The original plan was to draw up an updated feasibility plan, raise financing, get the permit and get into production as soon as possible. However, a few problems arose, the main one being the total collapse of supply chains globally accompanied by inflation and a retrace of 35% in the copper price. This made it impossible to produce a feasibility plan, as it was impossible to procure quotes from companies to provide the sort of equipment and plant we would need in 9/12 months time. Anybody who has tried to get pricing for a product with a long lead in time will confirm this.
At the same time, the price of fuel and chemicals went through the roof. For Empire, the big consumables are going to be diesel and suphuric acid, both of which had risen sharply in price and were also showing extreme volatility: again, making it difficult to produce a meaningful feasibility study. Sulphuric acid, at one point, had risen in price by 400%. That is unprecedented, and because it is unprecedented, nobody has much thought about how to reduce or eliminate the cost of sulphuric acid to copper oxide mines previously.

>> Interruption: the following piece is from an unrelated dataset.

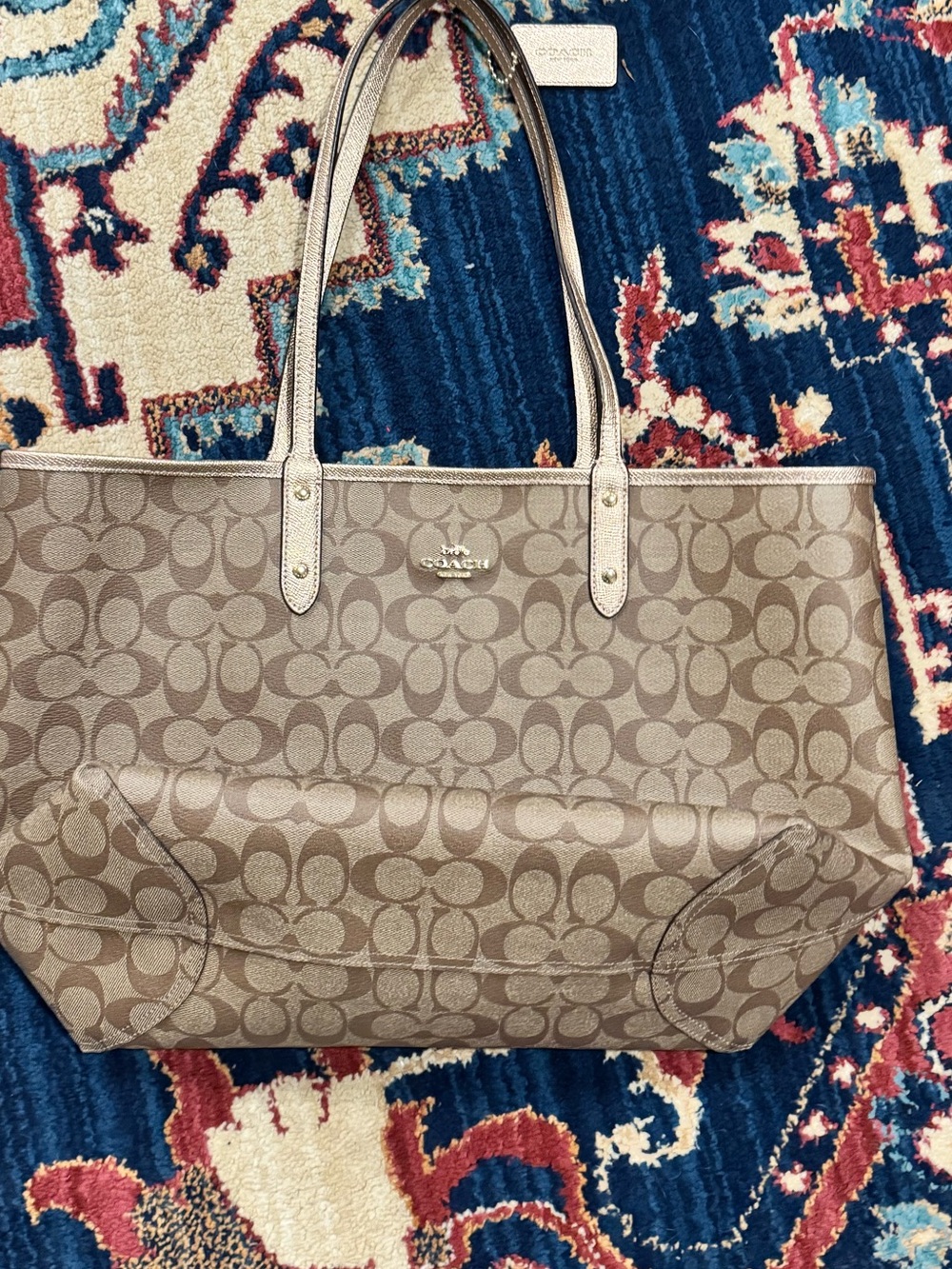 Coach Rose Gold Tan/Chalk Signature Canvas Tote - Picture 2 of 8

So the team thought that, rather than press ahead into a market showing unprecedented levels of uncertainty, let's take the time to review the whole project and see how we can make it as robust as possible. The demand for copper is only going to increase. The resource isn't going to vanish. While it is always nice to get into production as soon as possible, there is a time to be patient. So this year the focus has been on optimising a plan of production that could massively reduce the amount of diesel used and eliminate the use of sulphuric acid entirely. That's what ATS is designed to achieve, and it would have huge cost savings: not only is ATS cheaper, but it is much safer to both transport and work with. But that takes time: firstly, there is lots of benchwork to establish how the ATS process works, then there is the process of scaling up, which is what is going on currently: can the labs replicate with tonnes of material what the lab can achieve with kilos? The drilling has established that there are 4 different types of rock at Empire, so they are being analysed and then blended into samples that the lab can use for their testing of the ATS process. If the lab works, then we have to design the plant to produce commercially: this in turn will be informed by the findings in the lab. It might, for example, work best as a continuous process in a big tanks, or it may be we need multiple, smaller units. Or it might not work at all. We just don't know yet. And while we could draw up plans ourselves based on different variables, the BLM would expect to see the final work produced by a professional engineering company, and would it really help if we had drawn up sketches?